One of the papers we read, An Empirical Study on the Correctness of Formally Verified Distributed Systems, thoroughly analyzes three recent formally-verified distributed systems — two were Coq/OCaml-based, and a third was Dafny/SMT-based. The abstract says it all:

Through code review and testing, we found a total of 16 bugs, many of which produce serious consequences, including crashing servers, returning incorrect results to clients, and invalidating verification guarantees. These bugs were caused by violations of a wide-range of assumptions on which the verified components relied.

Among other serious consequences were command injection and data loss, in supposedly formally verified systems!

I want to discuss some of these bugs, including where and how they were found.

Most of these bugs were found through static analysis of the specs and implementations, as well as conventional debugging and network and file system fuzzing. These bugs generally occurred at the interfaces between verified and unverified components.

11 occurred at what the authors call the shim layer, the OS interface that includes system calls and other primitives. When the verified components do not exactly model the real-world OS implementation, serious bugs arise. For instance, not escaping metacharacters or not handling all possible syscall error codes caused incorrect results, leading to command injection and data loss. Real-world resource limits, such as too-large packets or stack exhaustion, also broke assumptions and crashed or hung the distributed system.

The remaining bugs were due to incomplete or incorrect specs, and critical issues with the verification tools themselves. In particular, these provers were not fail-safe — SIGINTs, exceptions, or other verifier crashes would cause the prover to report that verification succeeded!

As if that’s not concerning enough, there’s two recent headlines in which supposedly formally verified systems had alarming bugs, in one case with disastrous security consequences.

KRACK and CompCert

Big news back in October was the KRACK attack on WPA2-protected WiFi networks.
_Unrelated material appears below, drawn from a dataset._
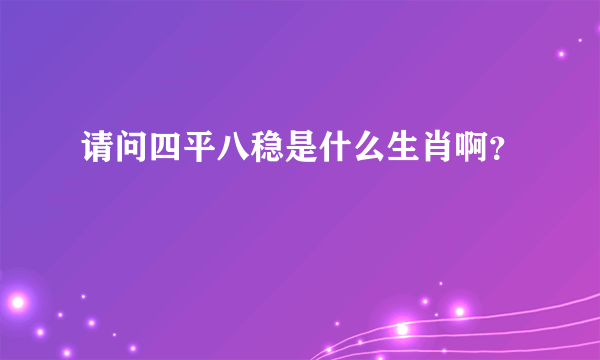 请问四平八稳是什么生肖啊？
Cryptographer Matt Green sums it up nicely. The two parts of WPA2 — the 4-way handshake and the encryption protocol — have security proofs; the 4-way handshake was even formally verified in 2005! However, no one reasoned about how these two parts interacted in real-world code, leading to almost every single implementation on the planet being vulnerable to a catastrophic Key Reuse attack that can lead to full decryption and forgery of WiFi traffic.

A smaller issue is a recent parsing bug in CompCert, a formally verified C compiler released in 2008. The bug is an amateur scoping issue, where a variable declared in the scope of a for loop clobbers a global variable with the same name.

Although the CompCert paper explicitly says that the parsing step, as well as the assembling/linking steps, are not verified, this kind of bug is a huge blow to the credibility of formal methods. It really makes you wonder what sort of bugs formal verification is supposed to catch.

Is there hope?

Formal verification may not totally be wishful thinking. I’m hanging onto the hope that there is a place for it, and there’s some evidence to support this.

In the empirical study, no bugs were found in the implementation of complex and error-prone distributed protocols (Paxos, RAFT). This shows that verification can be applied to increase reliability. And John Regehr’s compiler bug-hunting paper reported that CompCert did not have any runtime wrong-code errors, which were found in 10 other compilers.

But the guarantees that we expect are much stronger than a correct protocol, handshake, or compiler optimization. We need the entire system to be reliable, and we need proof effort to be minimal for widespread adoption to be feasible.

The bottom line is that formal methods will languish in academic circles, unable to bridge the gap with the real, nonsensical world, for a long time to come.